TASK INSTRUCTIONS:
Exactly the lines below from the line with "new orleans saints super bowl shirt" through the line with "Attackers Abuse Bun" must make up the answer, both ends included and pictures left out.

INPUT MATERIAL:
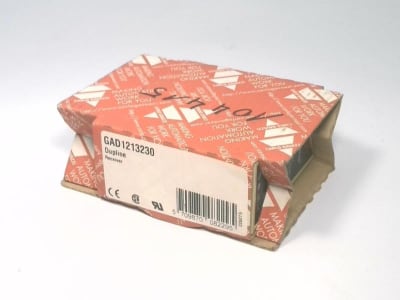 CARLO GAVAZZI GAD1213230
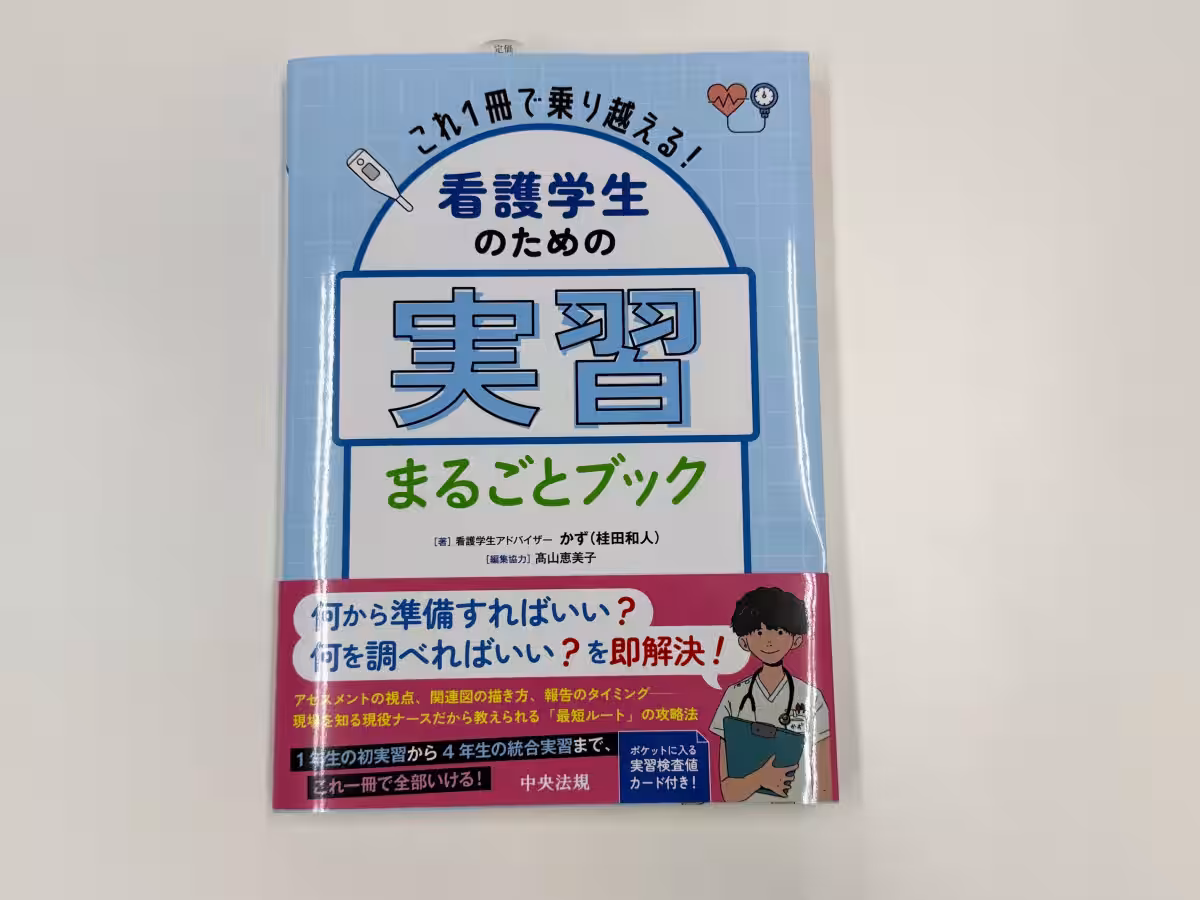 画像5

...

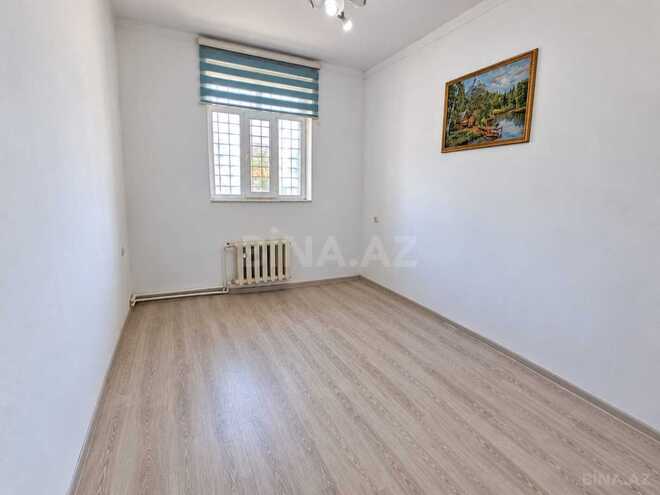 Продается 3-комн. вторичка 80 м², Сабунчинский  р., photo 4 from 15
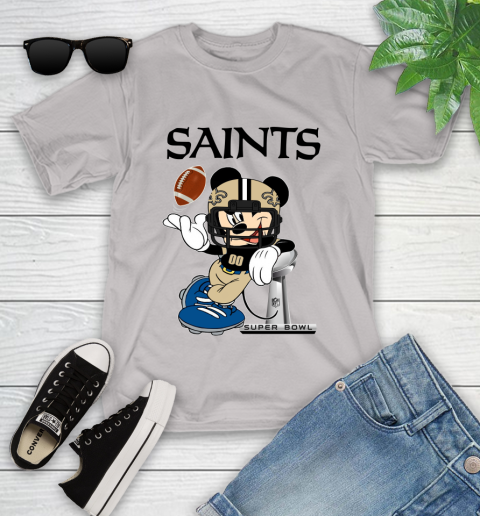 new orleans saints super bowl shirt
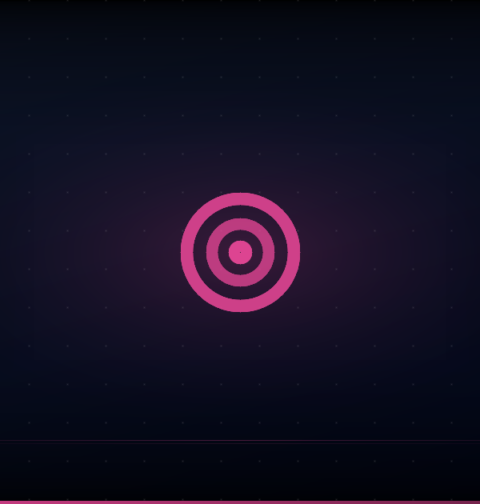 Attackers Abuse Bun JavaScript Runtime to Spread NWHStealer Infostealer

...

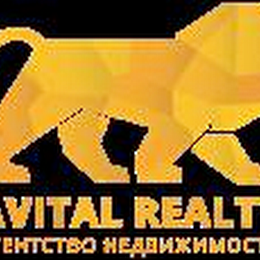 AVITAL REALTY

SOLUTION FOR THIS TASK:
 new orleans saints super bowl shirt
 Attackers Abuse Bun JavaScript Runtime to Spread NWHStealer Infostealer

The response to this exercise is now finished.